A minha pomba
dezembro 27, 2010
O ritual é simples. Eu chego por volta das nove e antes de tirar a mochila eu arregaço as janelas. A casa começa a fazer parte do ciclo do vento, do circuito dos ares. Um banho, um escovar os dentes, um vestir o short, e depois paro, sentado no chão, encostado na cama.
Hoje, por outro lado, terei um azar. Um revés por permitir que o ap se integre com o mundo através da janela. Hoje vai entrar pela janela uma pomba. Eu não vou saber o que fazer e vou tentar colocar ela pra fora de algum jeito.
Estaremos os dois ali, morrendo de medo um do outro, só porque ela não me entende e eu não posso entendê-la. Nós queremos a mesma coisa. Ela quer ir, eu quero deixá-la ir.
Mas ela não vai conseguir achar o caminho, não conseguirá sequer perceber que o trajeto que a trouxe para dentro é o mesmo que vai libertá-la.

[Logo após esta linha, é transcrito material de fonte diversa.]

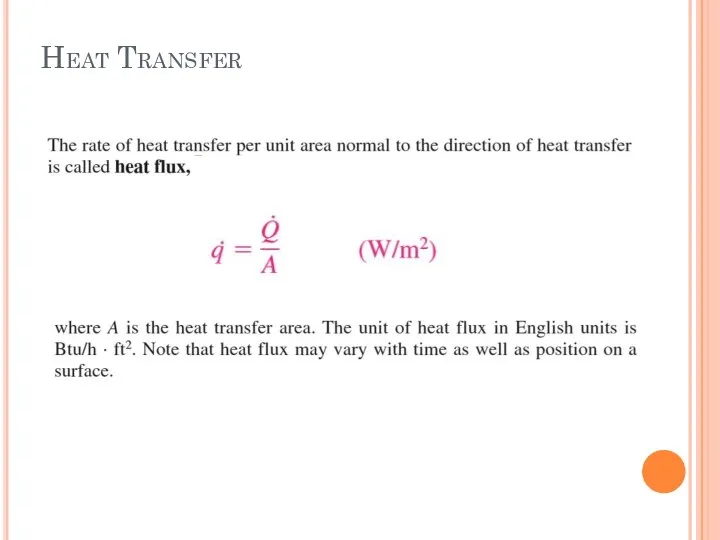 Heat Transfer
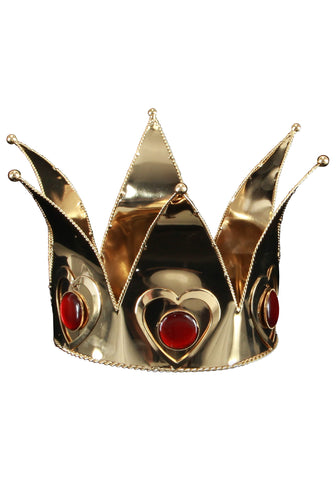 Mini Queen of Hearts Crown Gold 5.75in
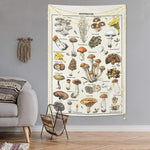 Enchanted Forest Witchcraft Tapestry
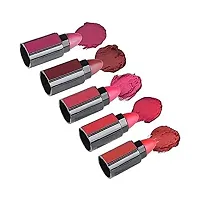 Petal Pink 5 in 1 Waterproof Matte Lipstick Set Makeup Cosmetic Moisturize Long Lasting Colorful Lipstick, 7.5 g-thumb1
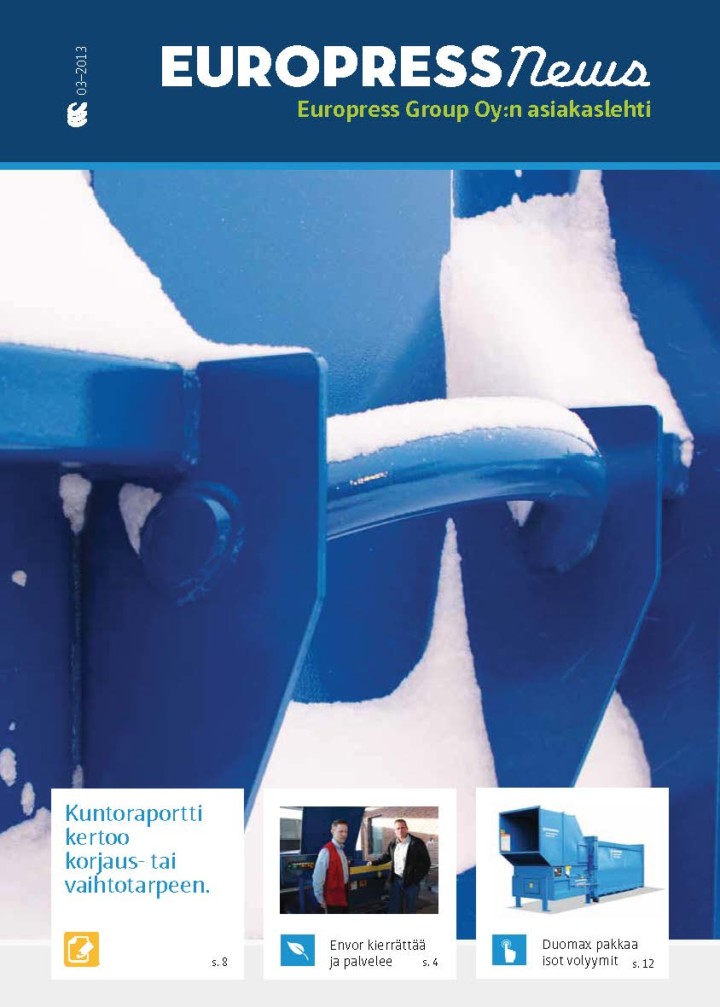 Jätepuristimien ja jätepaalaimien kuntokartoitukset. Jätehuolto VV-autolla.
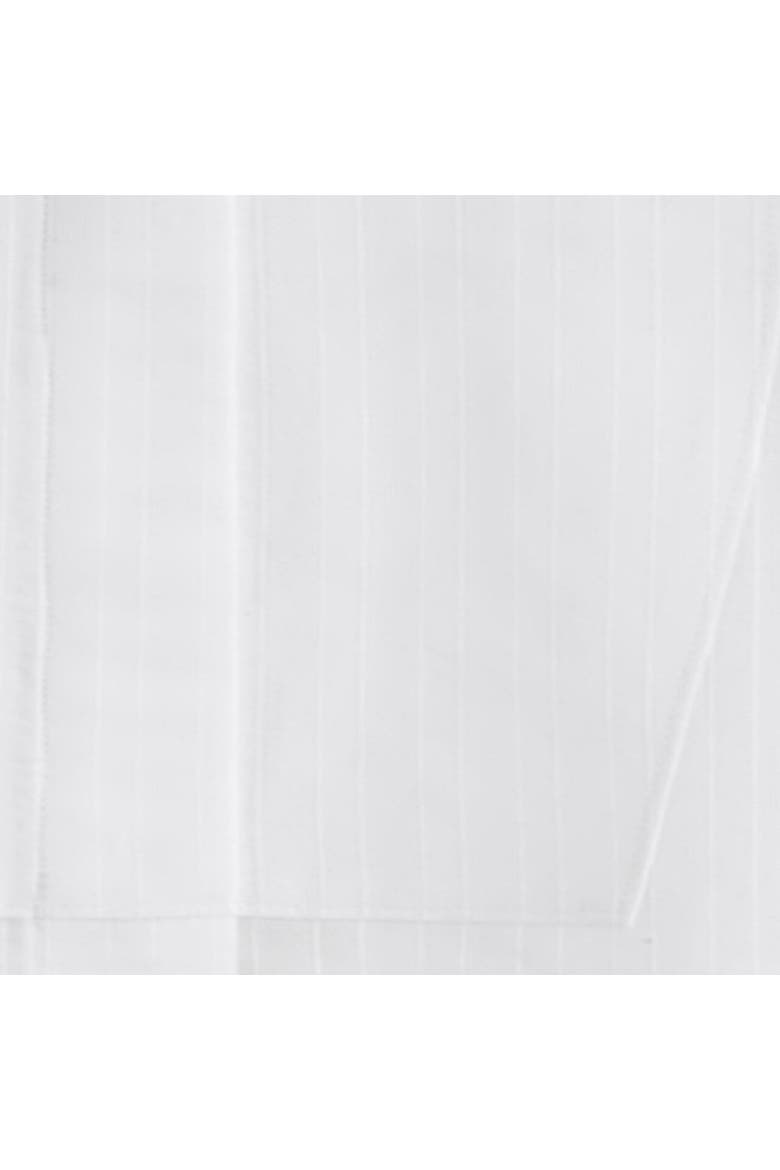 Bib-front Stripe-jacquard Cotton Shirt, Alternate, color, WHITE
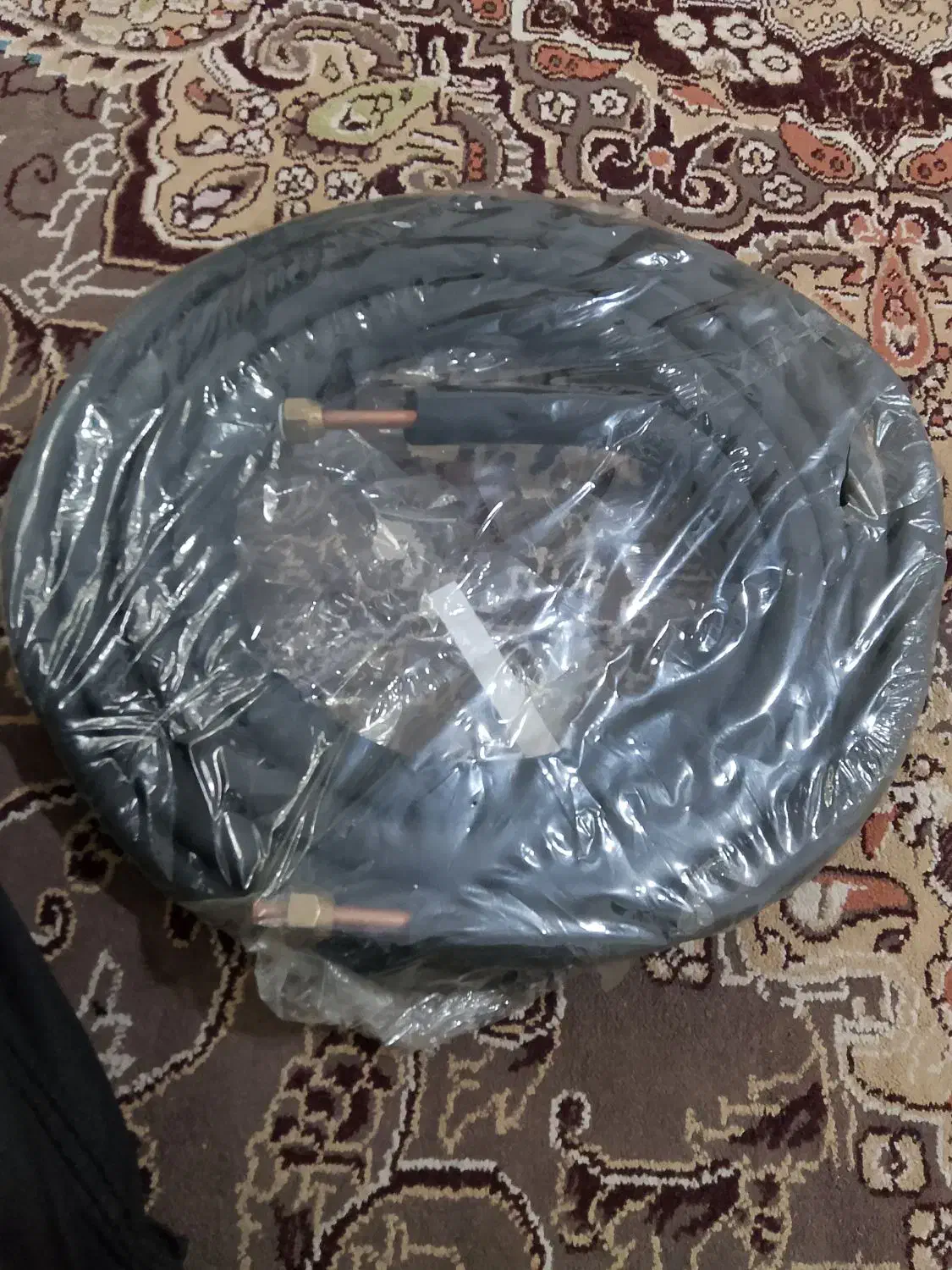 لوله مسی کولر گازی ۲سر مهره. ۵ نیم متر. یکدانه فقط|کولر گازی و فن‌کوئل|مشهد, نوید|دیوار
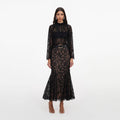 Black Lace Midi Skirt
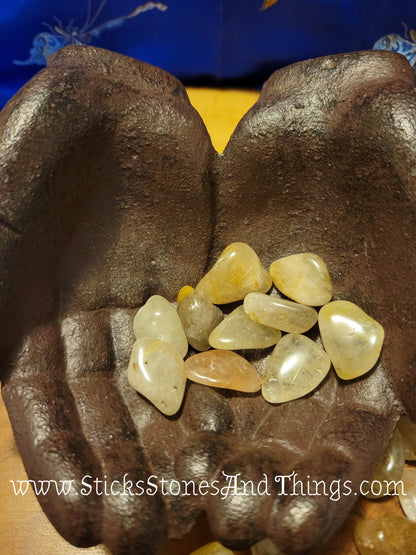 Rutilated Quartz Tumbled Crystals 1 inch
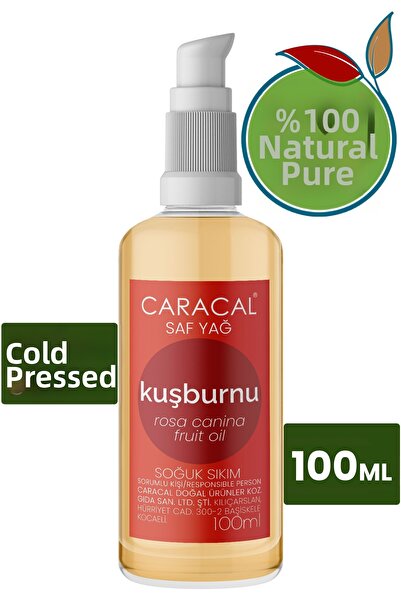 caracal 100ml 100% Pure Cold Pressed Rosehip Oil Natural & Unadulterated Rosa Canina Fruit Oil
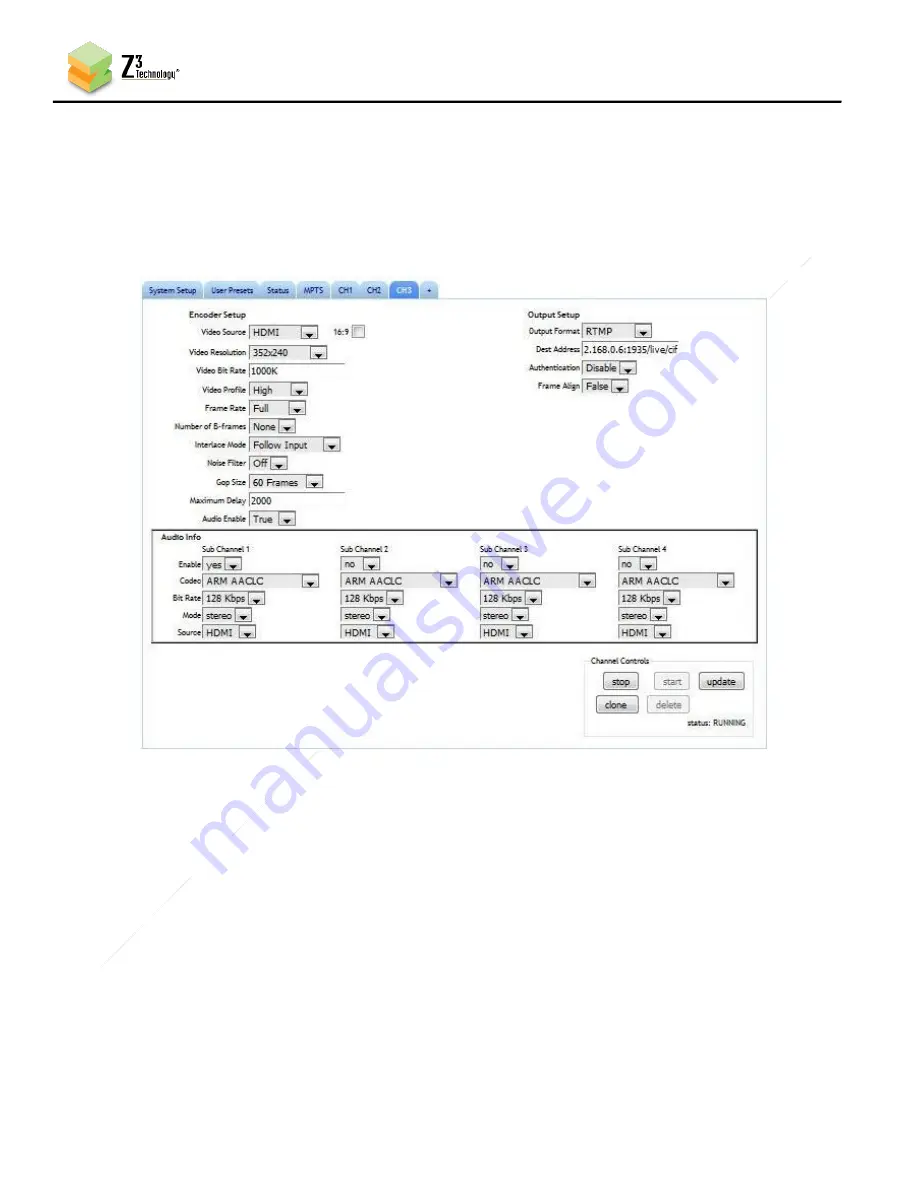 Z3 Technology Z3-SBE264-DVR-13 Скачать руководство пользователя страница 31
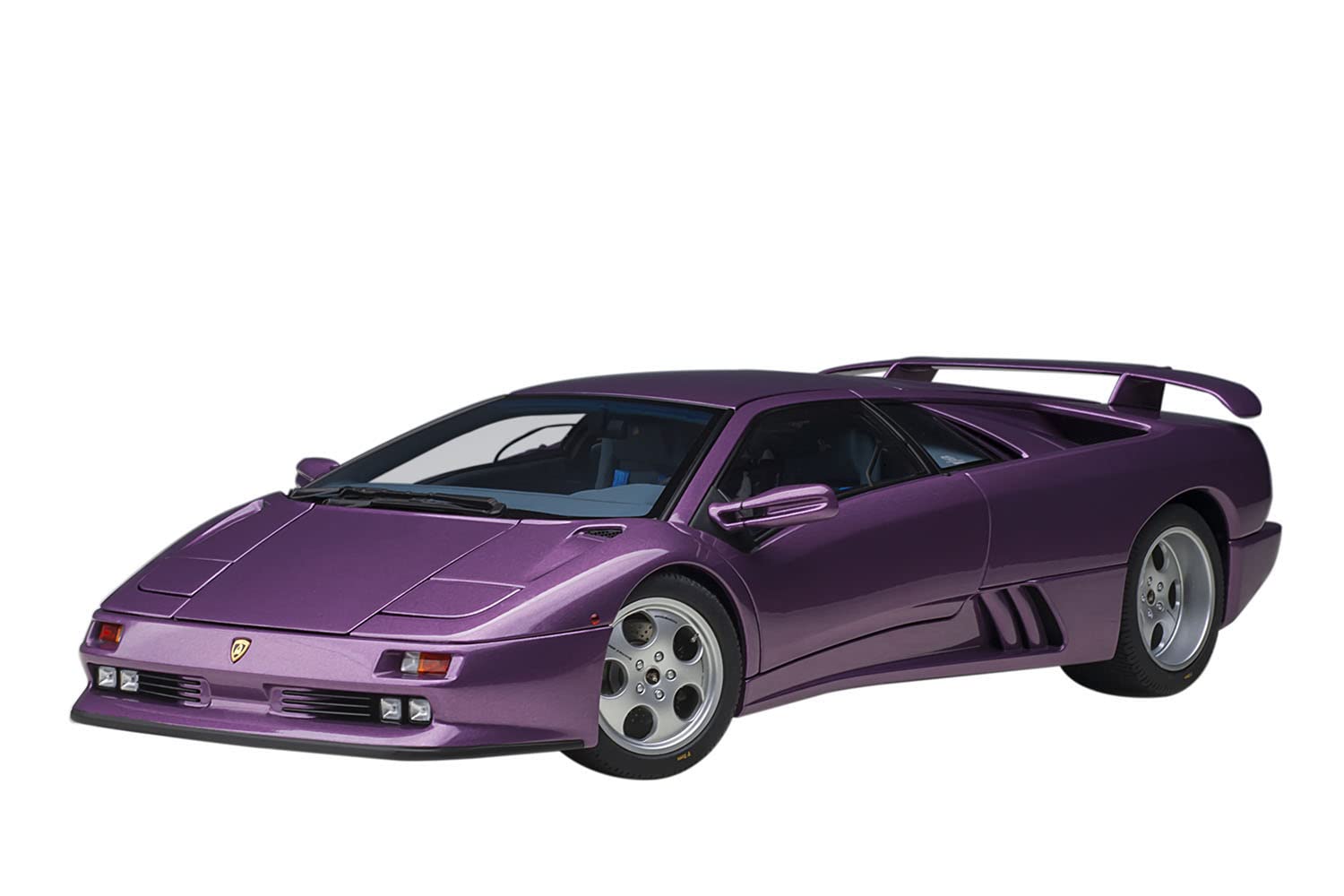 Lamborghini Diablo SE30 Viola Purple Metallic 1/18 Model Car by Autoart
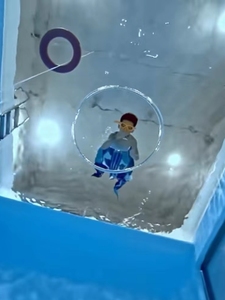 水下O形气泡 儿童潜水玩具 训练闭气 手工海豚圈圈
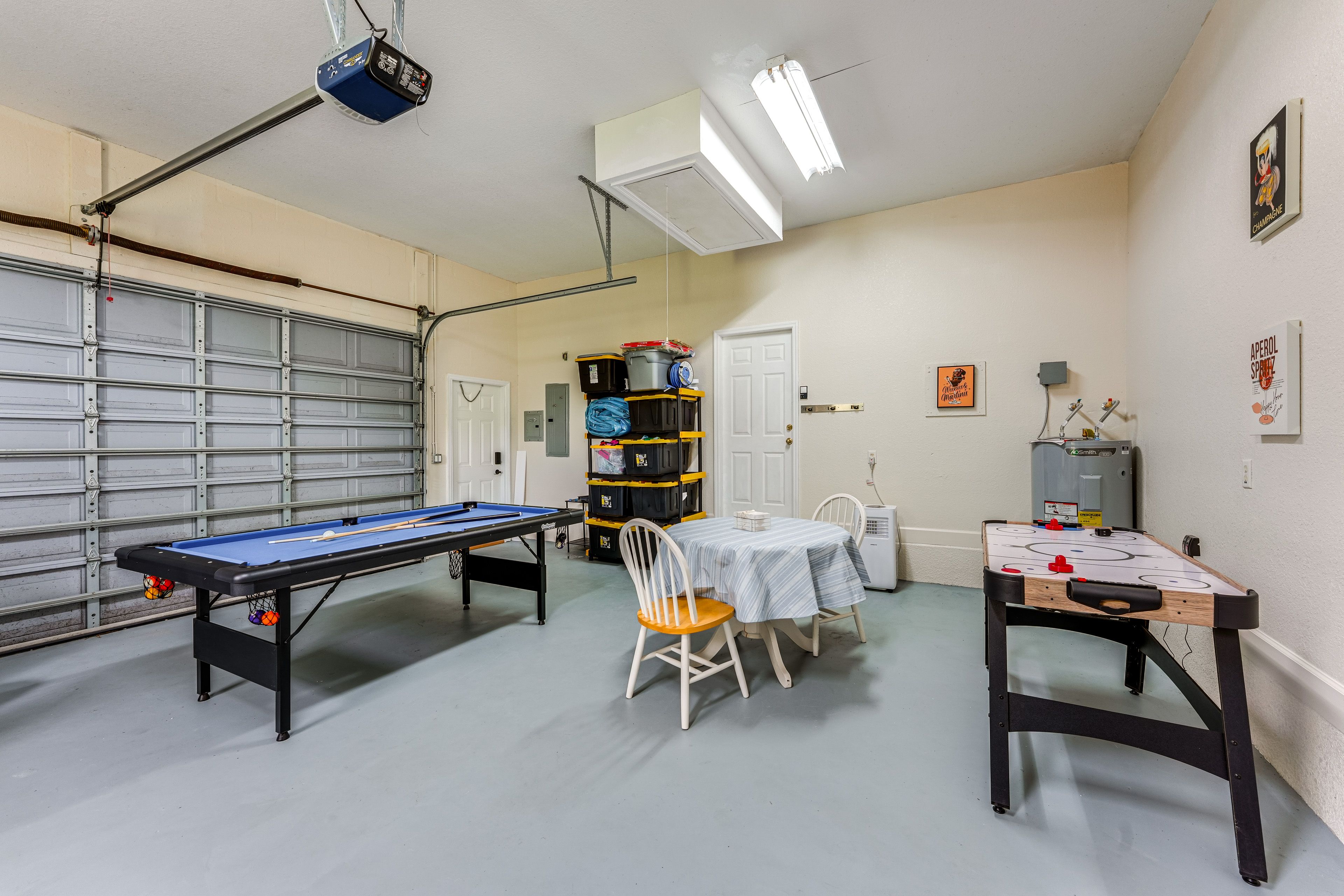 Garage | Game Room | Pool & Air Hockey Tables | Playing Cards | Basketball Hoop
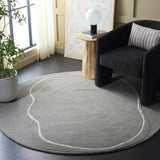 Safavieh Fifth Avenue 6'-0" x 6'-0" Rug in Grey / Ivory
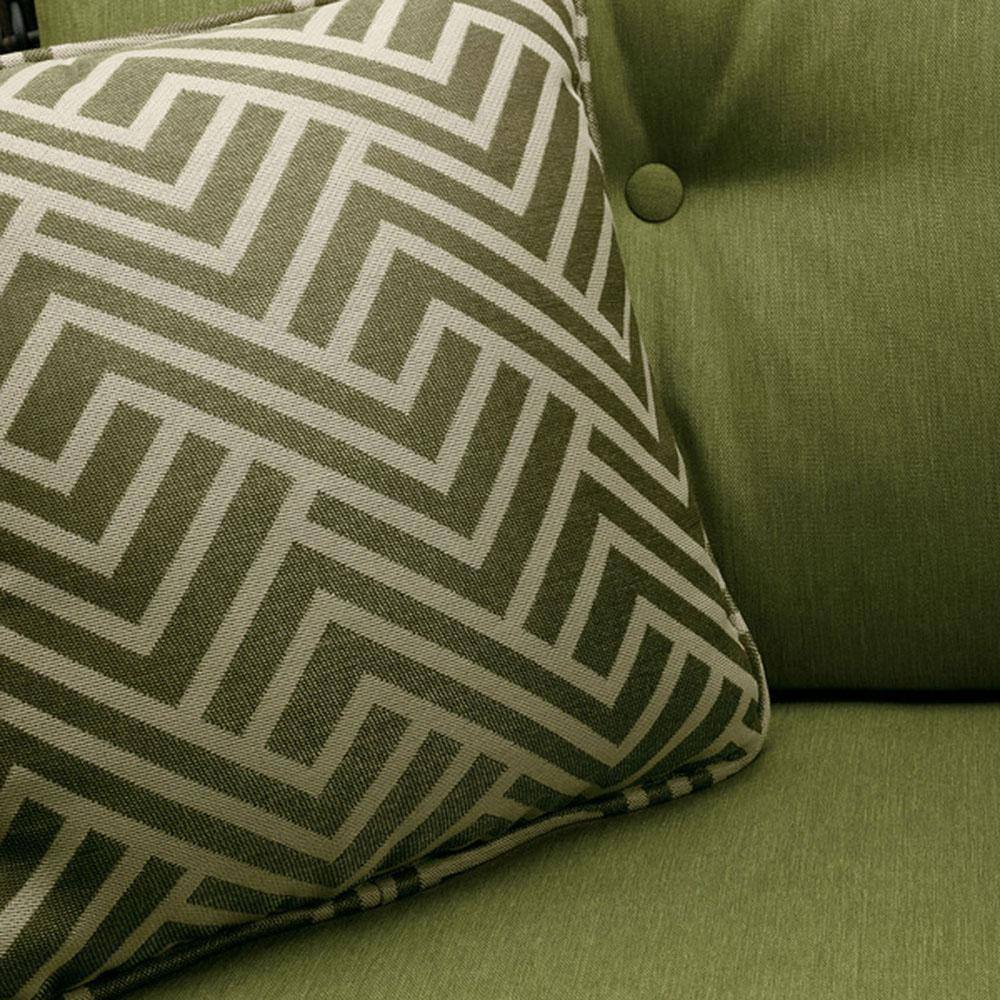 Strathmere 4-Piece Brown Wicker Outdoor Conversation Set with Green Cushions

Eu, se tentar ajudar, não saberei ter delicadeza e acabarei fazendo com que a coitada se desespere num bater de asas descontrolado.
A coisa caminha mal, é perceptível que a cada tentativa nós nos afastamos mais um do outro.
“Pomba,
que faz parte do mundo
parte do mundo que eu quis deixar entrar
que o acaso disfarçado de vento
achou que seria belo o nosso encontro
mas nós na inocência
recalcados com surpresas
de sensibilidade prejudicada
deixamos o pior acontecer.”
O que vai acontecer no fim da história vai ser terrível. Eu vou ter uma ideia péssima, mas com a melhor das intenções, como toda ideia péssima costuma ser. Eu vou até a cozinha e aí vou pegar a vassoura para ver se assim consigo empurrá-la.
Na primeira tentativa ela escorrega. Na segunda escorrego eu. Na terceira, com os braços já cansados, eu perco o controle da vassoura e a esmago. Ela ainda vai respirar e tentar se mover por alguns minutos. Mas já estará feito.
Hoje eu não vou conseguir dormir e farei um pequeno artesanato com as penas dela.